Fele’alleke târikun ba’da mâ yûhâ ileyke vedâ-ikun bihi sadruke en yekûlû levlâ unzile ‘aleyhi kenzun ev câe me’ahu melek(un)(c) innemâ ente neżîr(un)(c) va(A)llâhu ‘alâ kulli şey-in vekîl(un)
Ona bir hazine indirilseydi, yahut onunla beraber yanında bir melek de gelseydi demelerine sıkılarak sana vahyedilenlerin bir kısmını terk ediverecek misin? Sen ancak bir korkutucusun ve Allah her şeyi korur.
(Ey Elçim ve ey Hakk davanın temsilcisi!) Şimdi (inkâr edenlerin ve nasipsizlerin;) “Ona bir hazine indirilmeli veya onunla bir melek gelmeli değil miydi?” demeleri dolayısıyla, göğsün daralıp, belki de Sana vahyolunan (gerçeklerden ve müjdelerden) bir kısmını (onların keyfi için) neredeyse terk edecek hale gelirsin!.. (Unutma ve yolundan geri durma) Sen sadece bir uyarıcısın!.. Allah her şeye Vekîl’dir (ve yeterlidir. Sizin göreviniz Hakkı yaşamak ve yaymaktır.)
O halde ey peygamber! Sırf inkârcılar hoşlanmıyor diye ve onların “Niçin O'na gökten bir hazine inmedi? ya da, niçin O'nunla beraber bir melek görünmedi?” diye söylenmelerinden dolayı yüreğinin daralması ve bu nedenle sana vahyedilen mesajın bir kısmını neredeyse gözardı etmen hiç doğru olur mu? Unutma ki, sen sadece bir uyarıcısın; Allah ise herşeyin üzerinde bir gözetici ve hakkın üstün gelmesini sağlayıcı olarak bulunuyor.
Belki de sen, onların:
“Ona bir hazine indirilseydi veya onunla beraber bir melek gelseydi” diyerek seni yalanlamaları endişesiyle sana vahyolunan âyetlerin bir kısmını tebliğ etmeyi terkedeceksin ve bu yüzden ruhun daralacaktır. Unutma ki, sen sorumluluk, hesap ve cezayı hatırlatan bir uyarıcısın. Her şeyi denetleyen, her şeyin kaydını yapan, hesabını soran, himaye eden Allah'tır.
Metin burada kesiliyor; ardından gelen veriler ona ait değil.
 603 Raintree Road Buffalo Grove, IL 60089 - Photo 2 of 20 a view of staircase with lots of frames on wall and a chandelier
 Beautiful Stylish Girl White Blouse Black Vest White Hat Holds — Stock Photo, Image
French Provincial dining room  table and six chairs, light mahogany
Onların: "Ona bir hazine indirilmeli veya beraberinde bir melek gelmeli değil miydi?" demelerinden dolayı göğsün daralabilir ve sana vahyedilenin bir kısmını belki bırakabilirsin. [1] Sen sadece bir uyarıcısın. Allah ise her şeye vekildir.
Şimdi onların: 'Ona bir hazine indirilmeli veya onunla birlikte bir melek gelmeli değil miydi?' demeleri dolayısıyla göğsün daralıp sana vahyolunanlardan bir kısmını terk mi edeceksin? Sen yalnızca bir uyarıcısın. Allah her şeye vekildir.
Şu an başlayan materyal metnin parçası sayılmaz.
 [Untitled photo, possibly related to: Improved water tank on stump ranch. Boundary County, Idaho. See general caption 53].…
Şimdi sen (Ey Resulüm), müşrikler: “- ona bir hazine indirilseydi, yahut beraberinde bir melek gelseydi ya”, demelerinden ötürü göğsün daralacak, sana vahyolunanın bazısını terkedecek (söylemiyecek) hâle gelirsin. Fakat sen, ancak Allah'ın azabı ile korkutan bir peygambersin. Allah ise her şeye vekîldir. (Ona güven; O, müşriklerin cezasını verir.).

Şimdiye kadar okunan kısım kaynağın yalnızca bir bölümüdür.